Buoyancy driven bubbly flows: scaling of velocities in bubble columns operated in the heterogeneous regime

TL;DR

This paper investigates the hydrodynamics of bubble columns in the heterogeneous regime, revealing that velocities scale with buoyancy and inertia balance, and confirming the self-organization and velocity behaviors through experiments and data analysis.

Contribution

It introduces a new velocity scaling law for bubble columns in the heterogeneous regime based on dimensional analysis and experimental validation.

Findings

Velocities scale as (gDε)^{1/2} in the heterogeneous regime.

The liquid flow rate is primarily determined by the column diameter D.

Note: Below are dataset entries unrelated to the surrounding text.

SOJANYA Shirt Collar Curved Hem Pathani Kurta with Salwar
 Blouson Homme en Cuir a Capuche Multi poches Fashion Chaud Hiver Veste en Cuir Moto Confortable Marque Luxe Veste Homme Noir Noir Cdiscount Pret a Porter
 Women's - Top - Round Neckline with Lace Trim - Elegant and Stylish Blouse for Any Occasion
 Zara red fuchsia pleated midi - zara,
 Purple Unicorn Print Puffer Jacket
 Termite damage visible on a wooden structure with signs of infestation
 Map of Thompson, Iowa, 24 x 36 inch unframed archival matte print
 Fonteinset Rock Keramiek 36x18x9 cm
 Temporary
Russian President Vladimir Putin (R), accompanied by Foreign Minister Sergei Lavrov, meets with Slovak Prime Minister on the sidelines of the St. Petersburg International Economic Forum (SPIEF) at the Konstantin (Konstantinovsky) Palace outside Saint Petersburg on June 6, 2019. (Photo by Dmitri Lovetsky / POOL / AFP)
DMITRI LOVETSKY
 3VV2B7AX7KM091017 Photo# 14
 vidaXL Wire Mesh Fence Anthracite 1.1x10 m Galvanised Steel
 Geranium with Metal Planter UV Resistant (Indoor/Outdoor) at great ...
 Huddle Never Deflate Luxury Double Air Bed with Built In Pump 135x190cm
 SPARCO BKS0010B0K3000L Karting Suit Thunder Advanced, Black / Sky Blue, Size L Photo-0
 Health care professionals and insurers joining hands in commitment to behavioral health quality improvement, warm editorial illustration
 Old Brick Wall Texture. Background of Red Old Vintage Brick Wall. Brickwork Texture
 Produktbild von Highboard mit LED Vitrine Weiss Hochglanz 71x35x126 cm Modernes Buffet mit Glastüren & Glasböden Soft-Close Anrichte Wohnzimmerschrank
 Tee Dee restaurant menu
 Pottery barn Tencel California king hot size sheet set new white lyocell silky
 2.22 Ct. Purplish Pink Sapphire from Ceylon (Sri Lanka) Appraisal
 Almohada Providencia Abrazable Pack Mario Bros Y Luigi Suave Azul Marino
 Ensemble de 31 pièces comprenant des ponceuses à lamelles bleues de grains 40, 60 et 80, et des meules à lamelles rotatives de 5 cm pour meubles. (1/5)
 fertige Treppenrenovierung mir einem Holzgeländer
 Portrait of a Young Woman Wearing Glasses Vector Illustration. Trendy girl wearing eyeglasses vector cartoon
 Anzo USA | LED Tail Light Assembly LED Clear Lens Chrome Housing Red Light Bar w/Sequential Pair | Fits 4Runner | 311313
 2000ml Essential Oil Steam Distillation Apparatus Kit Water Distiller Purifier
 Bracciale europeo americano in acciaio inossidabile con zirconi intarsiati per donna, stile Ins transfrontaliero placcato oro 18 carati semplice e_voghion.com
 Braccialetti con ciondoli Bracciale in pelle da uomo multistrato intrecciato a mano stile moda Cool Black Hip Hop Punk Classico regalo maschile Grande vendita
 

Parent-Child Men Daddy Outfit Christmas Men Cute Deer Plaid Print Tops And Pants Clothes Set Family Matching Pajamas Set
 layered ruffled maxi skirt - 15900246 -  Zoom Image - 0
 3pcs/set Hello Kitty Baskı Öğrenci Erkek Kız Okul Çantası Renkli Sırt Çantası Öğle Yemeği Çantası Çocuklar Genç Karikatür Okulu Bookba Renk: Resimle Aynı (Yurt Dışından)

Relative velocities can exceed terminal velocity, reaching about 2.4 U_T at high gas velocities.

Abstract

The hydrodynamics of bubble columns in the heterogeneous regime is revisited. Focusing on air-water systems at large aspect ratio, we show from dimensional analysis that buoyancy equilibrates inertia, and that velocities scale as $(gD\varepsilon)^{1/2}$, where $D$ is the bubble column diameter, $\varepsilon$ the void fraction and $g$ the gravitational acceleration. From new experiments in a $0.4$m diameter column with ${\cal{O}}(10^3)$ particle Reynolds number bubbles and from a detailed analysis of published data, we confirm the self-organization prevailing in the heterogeneous regime, and that the liquid flow rate is only set by the column diameter $D$. Besides, direct liquid and gas velocity measurements demonstrate that the relative velocity increases above the terminal velocity $U_T$ in the heterogeneous regime, and that it tends to $\sim 2.4 U_T$ at very large gas superficial velocities $V_{sg}$. The proposed velocity scaling is shown to hold for liquid and gas mean velocities and for their standard deviations. Furthermore, it is found to be valid over a wide range of conditions, corresponding to Froude numbers $Fr=V_{sg}/(gD)^{1/2}$ from 0.02 to 0.5. Then, the relevance of this scaling for coalescing media is discussed. Moreover, following the successful prediction of the void fraction with a Zuber \& Findlay approach at the beginning of the heterogeneous regime, we show how the void fraction is correlated with $Fr$. Further investigations are finally suggested to connect the increase in relative velocity with meso-scale structures known to exist in the heterogeneous regime.